Top of Records provided

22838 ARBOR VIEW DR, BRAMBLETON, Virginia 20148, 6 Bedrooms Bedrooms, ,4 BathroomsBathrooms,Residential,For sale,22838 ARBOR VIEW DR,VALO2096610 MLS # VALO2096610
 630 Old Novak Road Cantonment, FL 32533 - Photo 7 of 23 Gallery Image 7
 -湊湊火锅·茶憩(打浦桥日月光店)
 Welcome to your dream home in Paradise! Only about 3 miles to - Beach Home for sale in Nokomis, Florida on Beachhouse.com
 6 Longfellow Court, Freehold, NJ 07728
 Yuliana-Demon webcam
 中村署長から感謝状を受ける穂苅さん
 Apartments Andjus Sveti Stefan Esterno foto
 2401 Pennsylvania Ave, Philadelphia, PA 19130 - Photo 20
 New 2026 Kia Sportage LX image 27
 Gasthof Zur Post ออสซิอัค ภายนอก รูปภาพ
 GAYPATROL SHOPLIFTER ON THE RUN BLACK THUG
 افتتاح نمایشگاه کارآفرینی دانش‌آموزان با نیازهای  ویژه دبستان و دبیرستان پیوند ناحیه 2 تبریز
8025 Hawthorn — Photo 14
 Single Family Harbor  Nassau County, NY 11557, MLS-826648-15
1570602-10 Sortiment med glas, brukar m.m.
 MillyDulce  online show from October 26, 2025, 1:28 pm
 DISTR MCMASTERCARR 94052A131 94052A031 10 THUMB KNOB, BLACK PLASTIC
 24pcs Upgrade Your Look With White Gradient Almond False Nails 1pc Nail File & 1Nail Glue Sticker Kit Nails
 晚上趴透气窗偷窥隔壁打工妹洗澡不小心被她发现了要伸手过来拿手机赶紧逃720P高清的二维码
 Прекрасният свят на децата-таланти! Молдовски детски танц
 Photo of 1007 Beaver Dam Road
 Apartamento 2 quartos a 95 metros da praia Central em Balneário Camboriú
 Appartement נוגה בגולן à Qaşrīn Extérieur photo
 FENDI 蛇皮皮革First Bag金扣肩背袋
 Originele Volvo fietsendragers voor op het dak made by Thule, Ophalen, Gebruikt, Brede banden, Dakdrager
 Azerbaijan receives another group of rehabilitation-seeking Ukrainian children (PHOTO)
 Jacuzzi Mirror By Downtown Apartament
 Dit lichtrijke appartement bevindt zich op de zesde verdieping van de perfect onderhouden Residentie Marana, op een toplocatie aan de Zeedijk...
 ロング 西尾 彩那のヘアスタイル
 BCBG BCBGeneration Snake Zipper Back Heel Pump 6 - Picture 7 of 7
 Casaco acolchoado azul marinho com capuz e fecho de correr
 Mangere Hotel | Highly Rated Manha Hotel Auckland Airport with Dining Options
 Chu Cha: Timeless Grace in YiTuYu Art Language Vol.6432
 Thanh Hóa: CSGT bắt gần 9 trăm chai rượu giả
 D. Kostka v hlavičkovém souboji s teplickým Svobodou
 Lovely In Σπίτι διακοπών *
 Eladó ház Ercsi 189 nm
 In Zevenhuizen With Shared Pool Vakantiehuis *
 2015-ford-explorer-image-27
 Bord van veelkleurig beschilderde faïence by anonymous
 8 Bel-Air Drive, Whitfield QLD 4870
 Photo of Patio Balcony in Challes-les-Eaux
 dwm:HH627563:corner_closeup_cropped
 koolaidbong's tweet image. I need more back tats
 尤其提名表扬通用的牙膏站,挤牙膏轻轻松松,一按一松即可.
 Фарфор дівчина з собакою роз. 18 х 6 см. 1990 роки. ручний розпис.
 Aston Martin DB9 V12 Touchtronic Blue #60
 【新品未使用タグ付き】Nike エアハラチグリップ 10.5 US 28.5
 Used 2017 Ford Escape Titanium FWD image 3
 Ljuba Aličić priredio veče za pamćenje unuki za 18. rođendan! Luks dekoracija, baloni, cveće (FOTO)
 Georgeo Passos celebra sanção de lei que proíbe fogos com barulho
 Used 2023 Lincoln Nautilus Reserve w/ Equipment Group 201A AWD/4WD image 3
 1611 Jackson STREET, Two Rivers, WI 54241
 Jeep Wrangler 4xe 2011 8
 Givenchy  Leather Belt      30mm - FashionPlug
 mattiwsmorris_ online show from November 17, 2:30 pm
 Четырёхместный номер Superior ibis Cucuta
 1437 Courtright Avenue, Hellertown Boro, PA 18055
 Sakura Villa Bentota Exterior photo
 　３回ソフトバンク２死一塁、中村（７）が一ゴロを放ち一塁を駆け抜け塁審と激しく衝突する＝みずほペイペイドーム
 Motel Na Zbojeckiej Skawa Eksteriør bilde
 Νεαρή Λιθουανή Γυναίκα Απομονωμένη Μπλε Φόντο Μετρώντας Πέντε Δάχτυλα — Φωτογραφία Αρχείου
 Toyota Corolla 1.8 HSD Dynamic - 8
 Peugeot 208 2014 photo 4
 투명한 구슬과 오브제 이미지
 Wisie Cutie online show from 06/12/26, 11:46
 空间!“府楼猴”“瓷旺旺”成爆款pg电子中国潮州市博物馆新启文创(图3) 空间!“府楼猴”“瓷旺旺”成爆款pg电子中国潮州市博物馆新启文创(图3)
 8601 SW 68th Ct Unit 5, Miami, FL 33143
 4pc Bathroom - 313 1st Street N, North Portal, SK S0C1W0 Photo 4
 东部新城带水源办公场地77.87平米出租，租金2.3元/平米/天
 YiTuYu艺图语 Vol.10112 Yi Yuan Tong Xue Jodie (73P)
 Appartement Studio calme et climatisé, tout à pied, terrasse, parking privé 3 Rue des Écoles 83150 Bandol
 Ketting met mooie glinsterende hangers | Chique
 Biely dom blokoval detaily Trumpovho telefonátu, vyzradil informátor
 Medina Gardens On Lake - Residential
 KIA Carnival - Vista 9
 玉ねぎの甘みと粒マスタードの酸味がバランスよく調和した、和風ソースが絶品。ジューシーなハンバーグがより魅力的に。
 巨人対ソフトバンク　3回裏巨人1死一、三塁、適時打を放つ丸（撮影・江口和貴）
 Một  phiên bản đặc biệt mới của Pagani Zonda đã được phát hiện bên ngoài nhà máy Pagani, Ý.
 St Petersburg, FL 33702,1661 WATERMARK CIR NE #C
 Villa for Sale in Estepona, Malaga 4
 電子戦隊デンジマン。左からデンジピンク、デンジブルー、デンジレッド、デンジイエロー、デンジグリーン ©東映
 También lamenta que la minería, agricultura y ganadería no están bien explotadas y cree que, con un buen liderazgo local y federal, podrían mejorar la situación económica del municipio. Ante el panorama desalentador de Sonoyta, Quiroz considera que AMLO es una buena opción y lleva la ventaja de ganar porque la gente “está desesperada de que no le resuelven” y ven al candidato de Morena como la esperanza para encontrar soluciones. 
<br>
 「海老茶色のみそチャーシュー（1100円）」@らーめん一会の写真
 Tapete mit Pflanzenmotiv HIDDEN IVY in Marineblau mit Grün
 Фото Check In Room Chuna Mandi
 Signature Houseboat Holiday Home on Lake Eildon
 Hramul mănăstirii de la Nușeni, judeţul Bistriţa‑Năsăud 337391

Bottom of Records provided

- What this task involves -
Each line from the one that contains "Signature Houseboat Holiday" through the last line of the listing above should be written out exactly, and no other line.

- Task output -
 Signature Houseboat Holiday Home on Lake Eildon
 Hramul mănăstirii de la Nușeni, judeţul Bistriţa‑Năsăud 337391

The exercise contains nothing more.